# Provided entries
====================
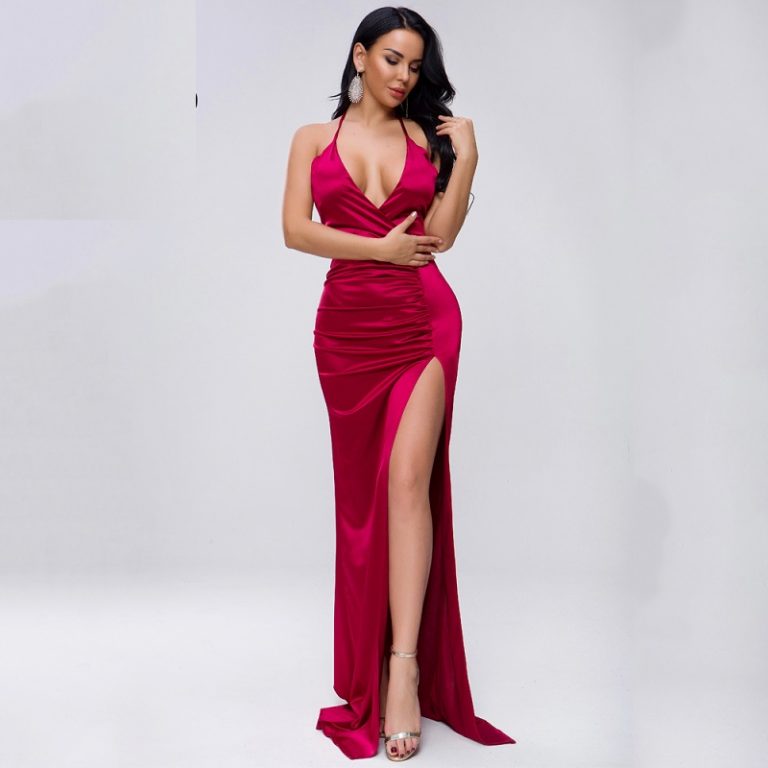 Sexy Deep V Off Shoulder Backless Maxi Dress - Image 10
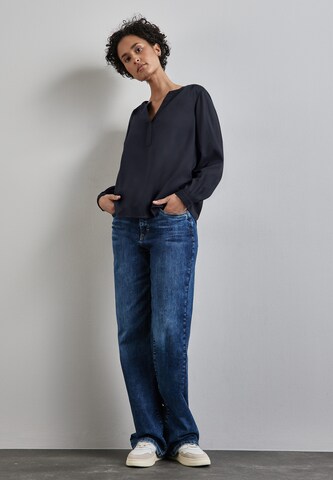 STREET ONE Bluse in Blau
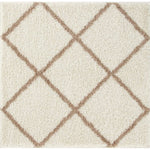 Moroccan Ivory Shaggy Rug | 530 - Bargainia.com - 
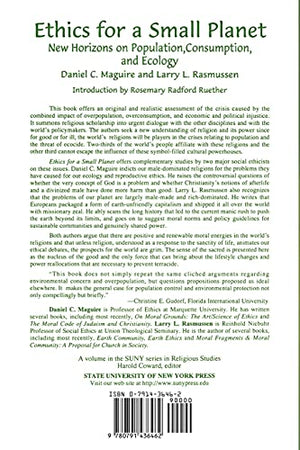 Ethics for a Small Planet: New Horizons on Population, Consumption, and Ecology (S U N Y Series in Religious Studies),Used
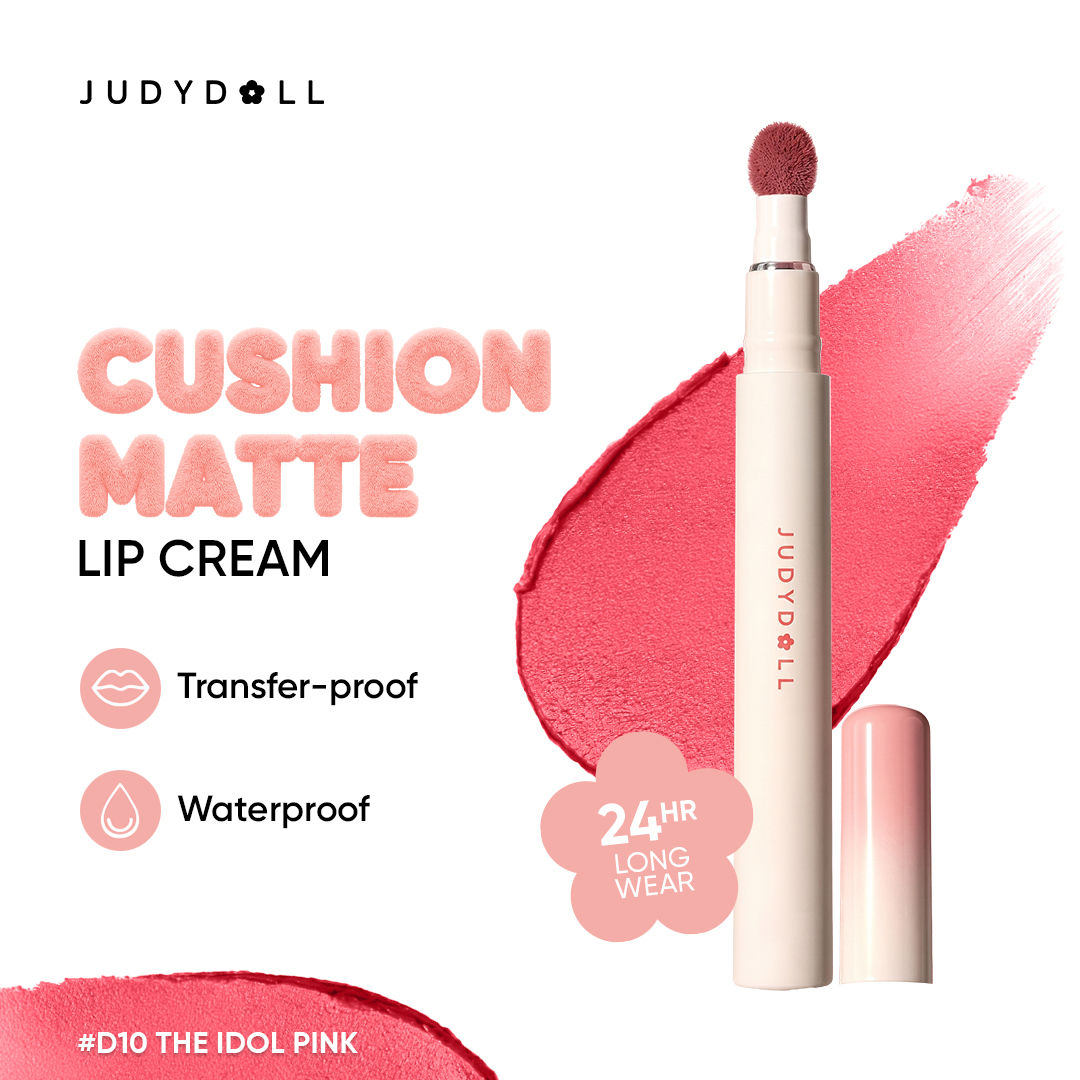 Image 2 of 2.6 ml / D10 The Idol Pink / Pack of 1 for the product JUDYDOLL Cushion Matte Lock Lip Cream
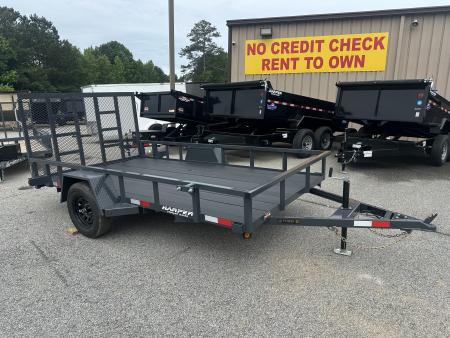 New 2026 PROSPECTOR 6.5X12 SINGLE AXLE UTILITY TRAILER WITH COBRA LINED FLOOR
====================
# Required action
Now repeat exactly the lines from the one with "Ethics for a" through the end of the listing above, both included, omitting all pictures.

# Exercise answer
 Ethics for a Small Planet: New Horizons on Population, Consumption, and Ecology (S U N Y Series in Religious Studies),Used
 Image 2 of 2.6 ml / D10 The Idol Pink / Pack of 1 for the product JUDYDOLL Cushion Matte Lock Lip Cream
 New 2026 PROSPECTOR 6.5X12 SINGLE AXLE UTILITY TRAILER WITH COBRA LINED FLOOR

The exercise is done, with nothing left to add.